• _Description of the task_: Below are records; reproduce exactly the lines from the first through the one containing "Bärbar oktopus-dator t shirt (Framsida)".

- - -

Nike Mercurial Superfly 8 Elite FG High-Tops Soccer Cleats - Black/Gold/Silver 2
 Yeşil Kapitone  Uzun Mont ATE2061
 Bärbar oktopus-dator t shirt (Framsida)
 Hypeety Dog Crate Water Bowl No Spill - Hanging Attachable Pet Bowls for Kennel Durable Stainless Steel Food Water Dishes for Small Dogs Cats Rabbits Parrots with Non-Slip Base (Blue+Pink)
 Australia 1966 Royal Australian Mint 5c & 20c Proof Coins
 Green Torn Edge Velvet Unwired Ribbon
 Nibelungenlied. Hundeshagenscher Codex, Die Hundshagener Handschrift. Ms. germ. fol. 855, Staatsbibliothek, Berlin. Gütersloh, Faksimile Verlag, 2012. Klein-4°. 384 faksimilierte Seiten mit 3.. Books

- - -

• _Exercise answer_:
Nike Mercurial Superfly 8 Elite FG High-Tops Soccer Cleats - Black/Gold/Silver 2
 Yeşil Kapitone  Uzun Mont ATE2061
 Bärbar oktopus-dator t shirt (Framsida)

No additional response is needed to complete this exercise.